### Aim of the task
Return, with both end lines included, exactly what the data below holds from the line with "No Boundaries Women's" through the line with "Kunst aan de", though not the pictures.

Data for this exercise section start

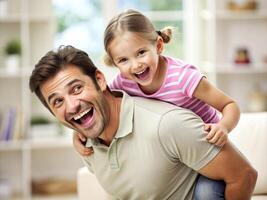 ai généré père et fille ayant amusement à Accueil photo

Data for this exercise section end
Data for this exercise section start

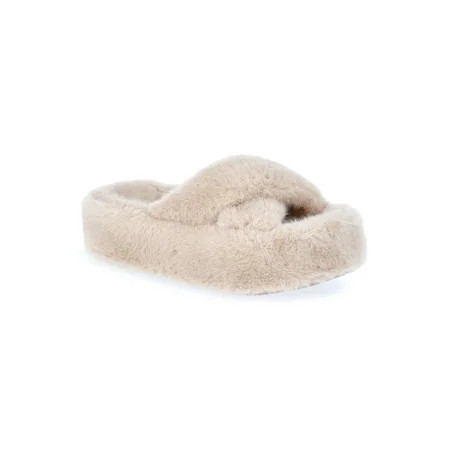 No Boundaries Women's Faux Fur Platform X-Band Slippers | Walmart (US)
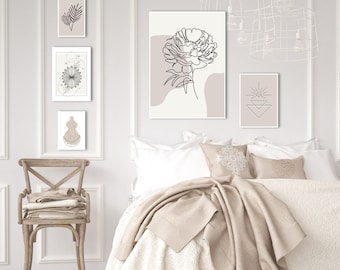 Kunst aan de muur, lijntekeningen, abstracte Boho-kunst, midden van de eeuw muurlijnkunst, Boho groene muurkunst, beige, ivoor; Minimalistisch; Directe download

Data for this exercise section end
Data for this exercise section start

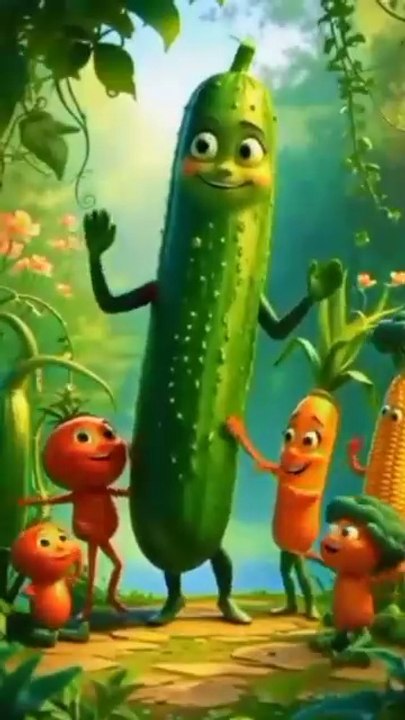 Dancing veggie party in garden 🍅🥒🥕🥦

Data for this exercise section end

### Result
 No Boundaries Women's Faux Fur Platform X-Band Slippers | Walmart (US)
 Kunst aan de muur, lijntekeningen, abstracte Boho-kunst, midden van de eeuw muurlijnkunst, Boho groene muurkunst, beige, ivoor; Minimalistisch; Directe download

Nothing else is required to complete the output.